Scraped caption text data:
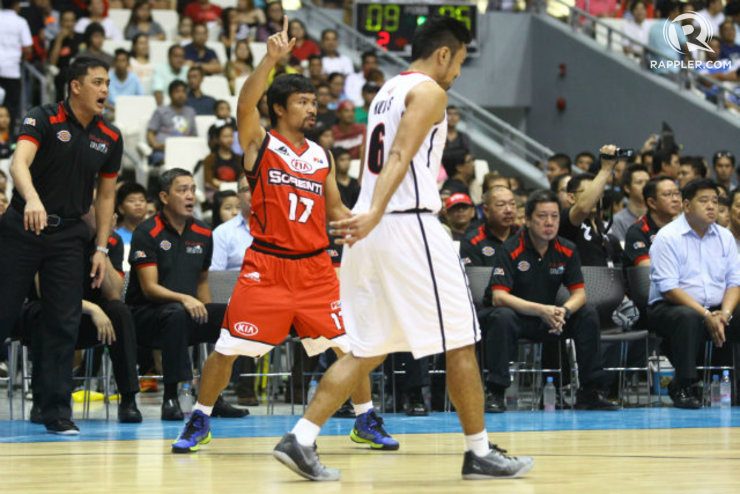 Manny Pacquiao calls for a pass on the wing. Photo by Josh Albelda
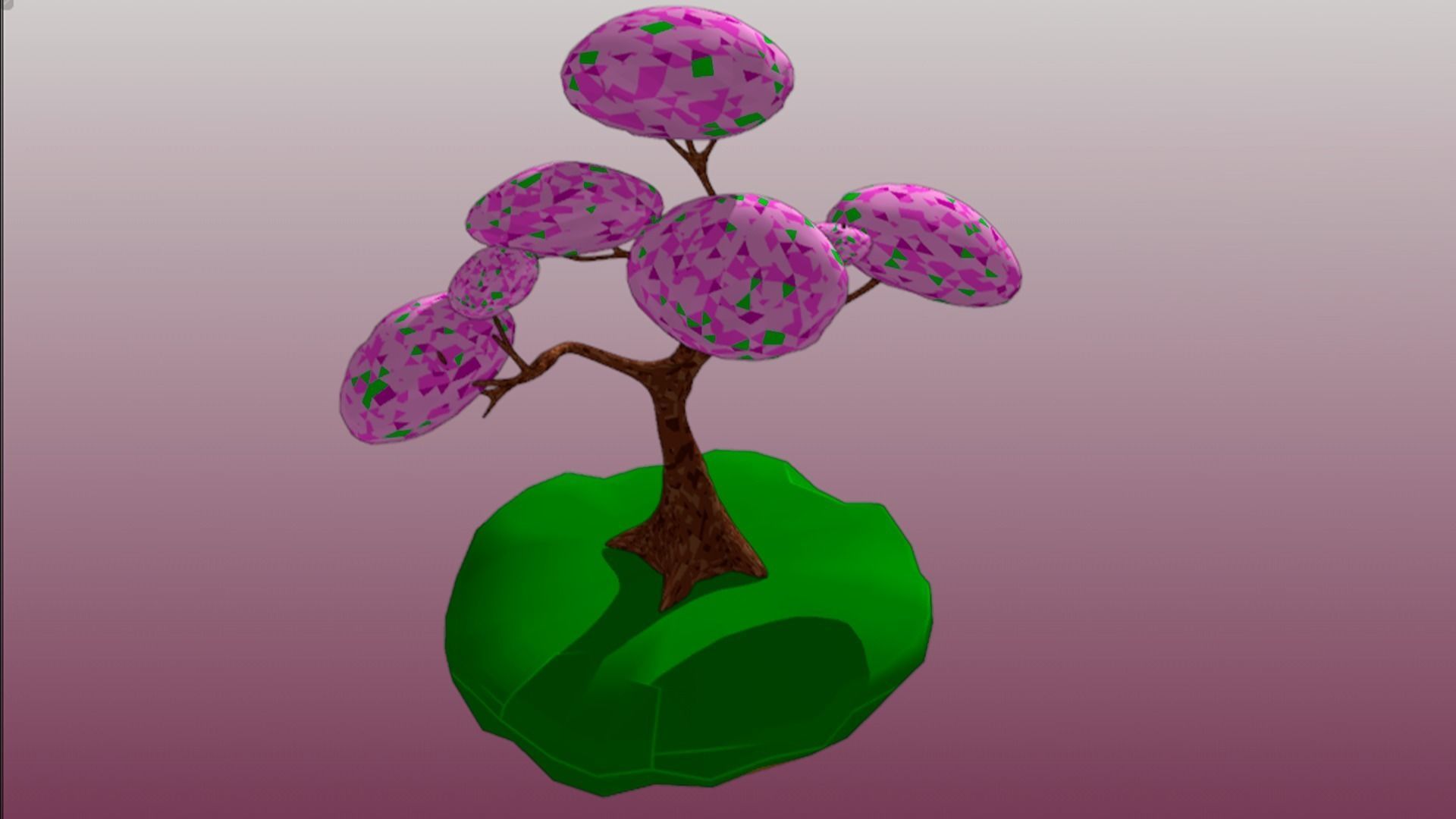 Lowpoly Trees collection Sakura tree Low-poly 3D model Low-poly 3D model_13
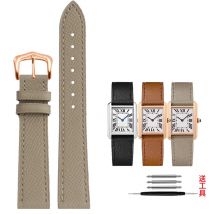 Rindsleder-Uhrenarmband für Cartier Tank SOLO London Clé de 14 16 18 20 mm schwarz braun weiß grau Herren Damen-Uhrenarmband Schnellverschluss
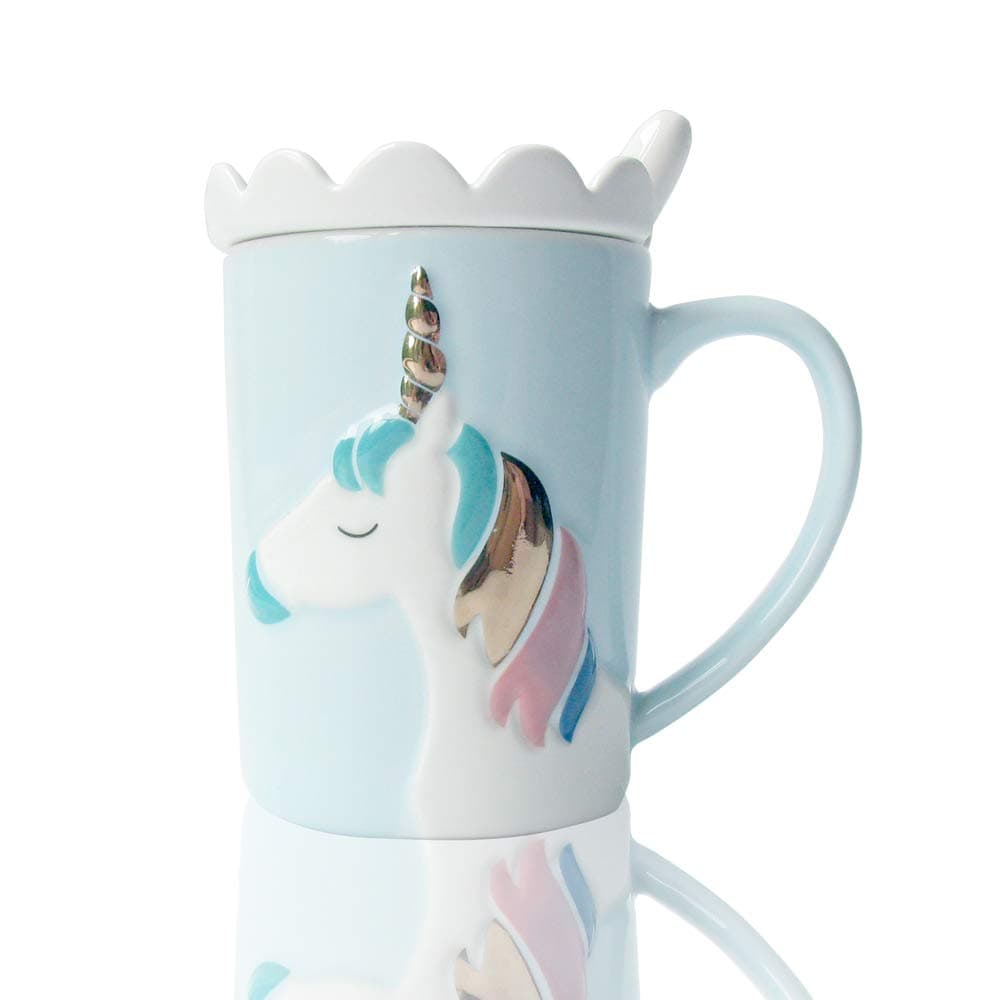 BigNoseDeer Cute Mugs Ceramic Unicorn Mug Funny Coffee Mug Unique Milk Tea Cups with Lace Lid and Spoon for Kids, Women,Girls (Blue)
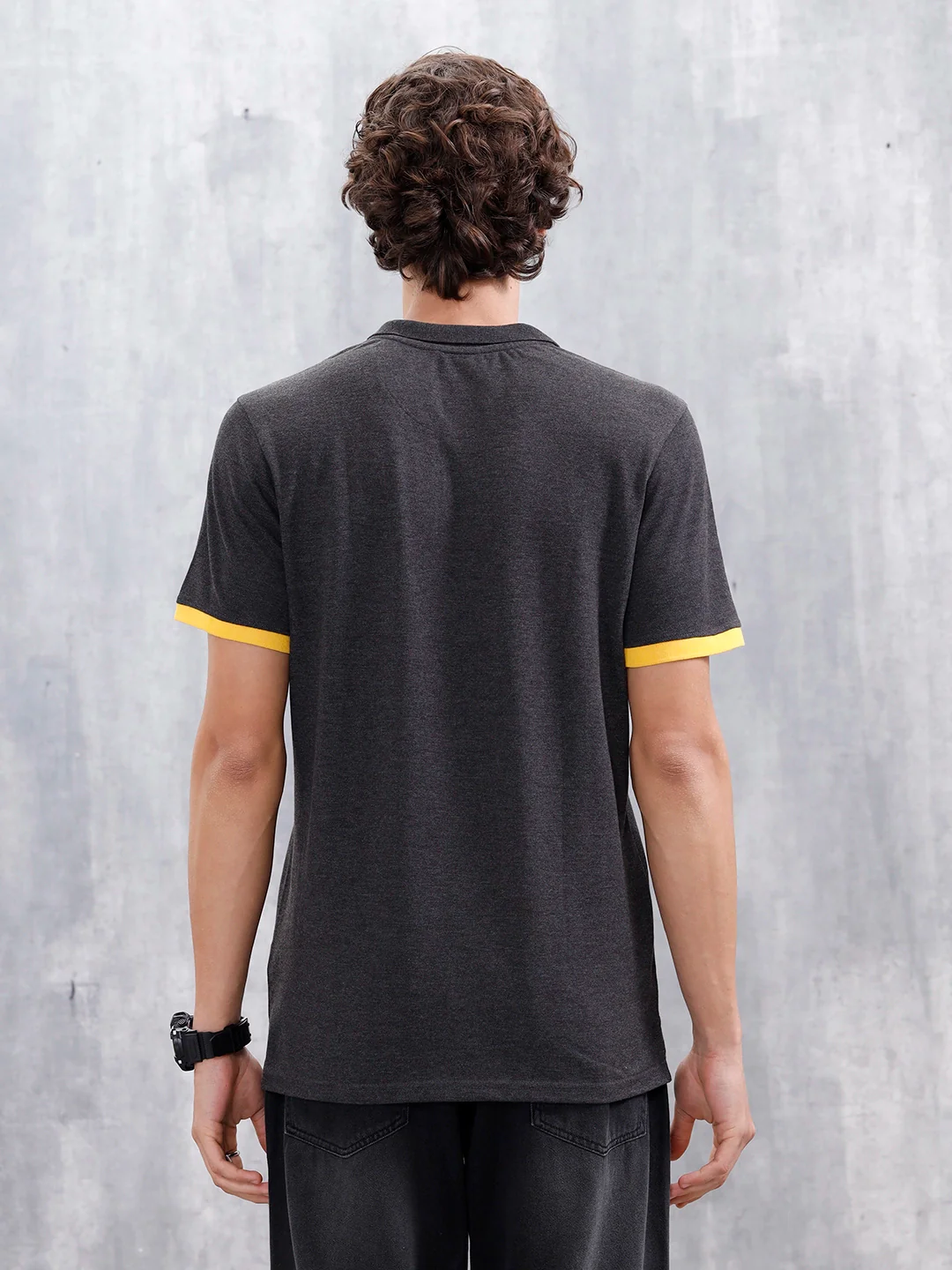 Regular Fit Polo T-Shirt With Contrast Trim Details | Dark Grey - Image 3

**Assigned task:** I would like you to retype exactly the lines running from the one containing "Rindsleder-Uhrenarmband für Cartier" to the last line of the entries, both included, leaving all pictures out.

**Solved exercise:**
 Rindsleder-Uhrenarmband für Cartier Tank SOLO London Clé de 14 16 18 20 mm schwarz braun weiß grau Herren Damen-Uhrenarmband Schnellverschluss
 BigNoseDeer Cute Mugs Ceramic Unicorn Mug Funny Coffee Mug Unique Milk Tea Cups with Lace Lid and Spoon for Kids, Women,Girls (Blue)
 Regular Fit Polo T-Shirt With Contrast Trim Details | Dark Grey - Image 3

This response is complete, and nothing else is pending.